The Maasai have long been at odds with regional predators like lions that might prey on cattle due to this behavior. In almost every case, the Maasai kill the lions as payback. 

Many young Maasai men would seek out and hunt a male lion down as a rite of passage since the cultural ritual has become so ingrained, even if the lion has not attacked any Maasai cattle.

Wild areas like the Serengeti have been commercialized for ecotourism as the rest of East Africa continues to urbanize. 

But for that to happen, the ecology must be unharmed. Some Maasai have switched from pastoralism to ranching as a result of pressure from the governments of Kenya and Tanzania to fence their livestock.

Svedjebruk in Northern Europe

The majority of Northern Europe has year-round rainfall, which depletes the soil of nutrients and causes leaching. As a result, massive slash-and-burn farming is a common practice among farmers in Northern Europe. This practice is known as svedjebruk in Sweden.

Some governments are now debating whether slash-and-burn agriculture can be sustained over the long run due to growing global concerns over deforestation. Slash-and-burn agriculture was quite sustainable in a previous era when forests were not also under threat from logging and permanent land-use alteration. 

Governments must decide how to exploit our forestland as a resource as a result of the growth in population, or our forests risk completely disappearing.

Methods of Extensive Farming

Farming
Shifting Cultivation

The shifting cultivation method of crop production is one of the more extensive approaches. When farmers move on to the next piece of forest, they leave behind an area of land that has been cleared, converted into a temporary farm, and then allowed to “re-wild” as the farmers move on. Typically, this land was once a section of a forest.

Generally speaking, shifting cultivation is used as a form of subsistence agriculture. Either the farmers lead a nomadic lifestyle or a sedentary lifestyle, in which case the location of their farms is the only thing that moves about.

Shifting agriculture is most frequently used in soil-poor areas, such as tropical rainforests, that yet have the other elements required to enable crop cultivation. 

Slash and burn agriculture, one of the most popular types of shifting cultivation, involves clearing a forest area, burning it, and then leaving the charred remnants to add nutrients to the soil before planting.

Ranching

Ranching is a farming method in which grazing animals are kept enclosed in a pasture. Although the formal meaning of “ranching” is fairly broad, in everyday speech, it is most often linked with the enormous beef cattle farms that are common in Texas.
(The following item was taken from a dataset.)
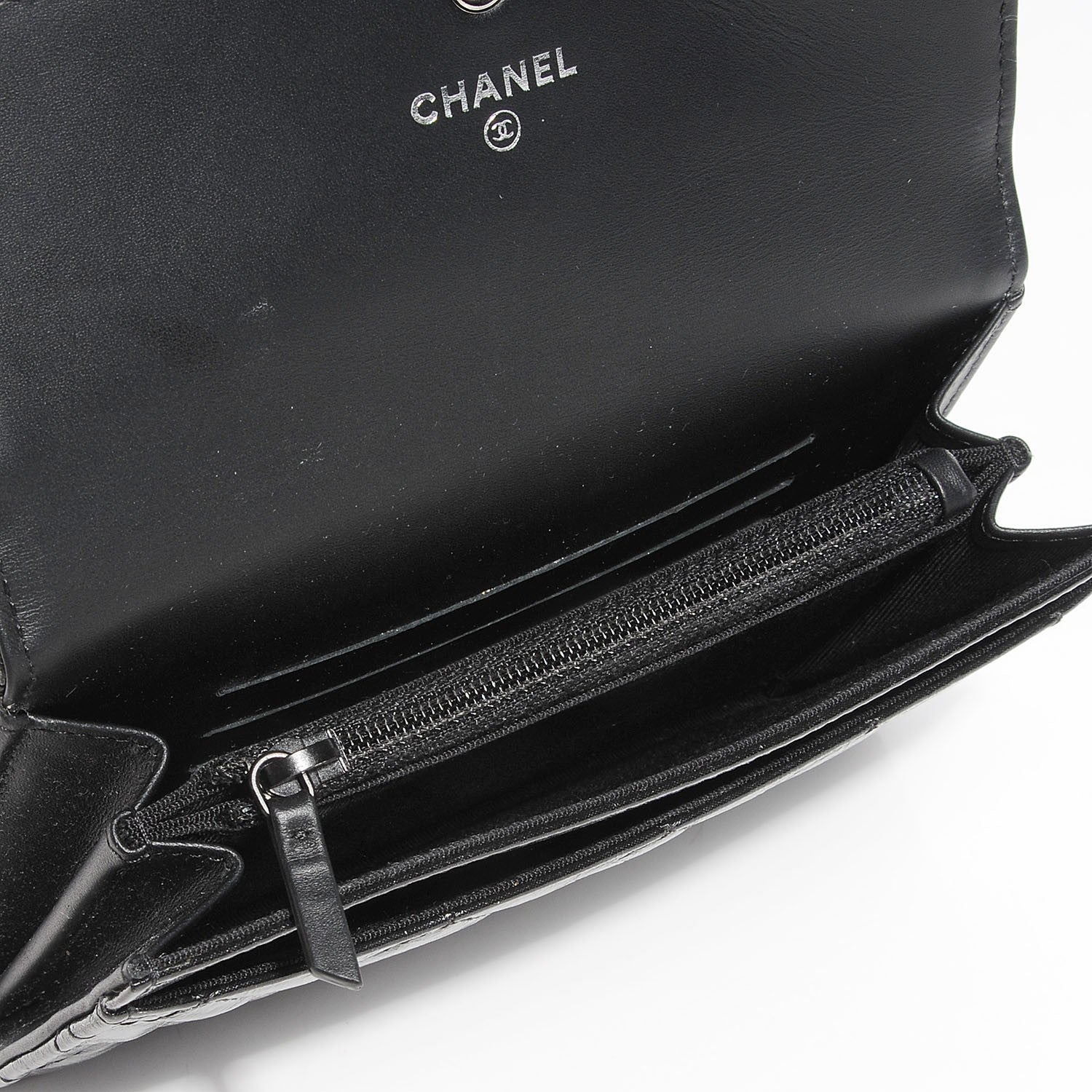 Chanel Glazed Calfskin Quilted Reissue Small Flap Wallet Black 5 of 9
Ranching can be very lucrative. The majority of beef-focused ranches take great satisfaction in the quality of their meat and the relative quality of life for their animals, despite the fact that they cannot compete with industrial livestock farms in terms of scale and output.

Due to their size, many ranches may displace the natural ecosystems that would otherwise exist there.

Nomadic Herding

The most widespread kind of nomadic pastoralism is termed nomadic herding, often known as pastoral nomadism or nomadic pastoralism. 

To provide their herds with continual grazing, nomads remain in motion. Accordingly, a piece of land receives little effort or financial investment. Pastoralism and transhumance, the act of relocating herds, are two characteristics of nomadic herding (the practice of letting herds graze freely wherever they wish).

In regions where no other agricultural techniques are feasible, such as North Africa and Mongolia, nomadic herding is often practiced.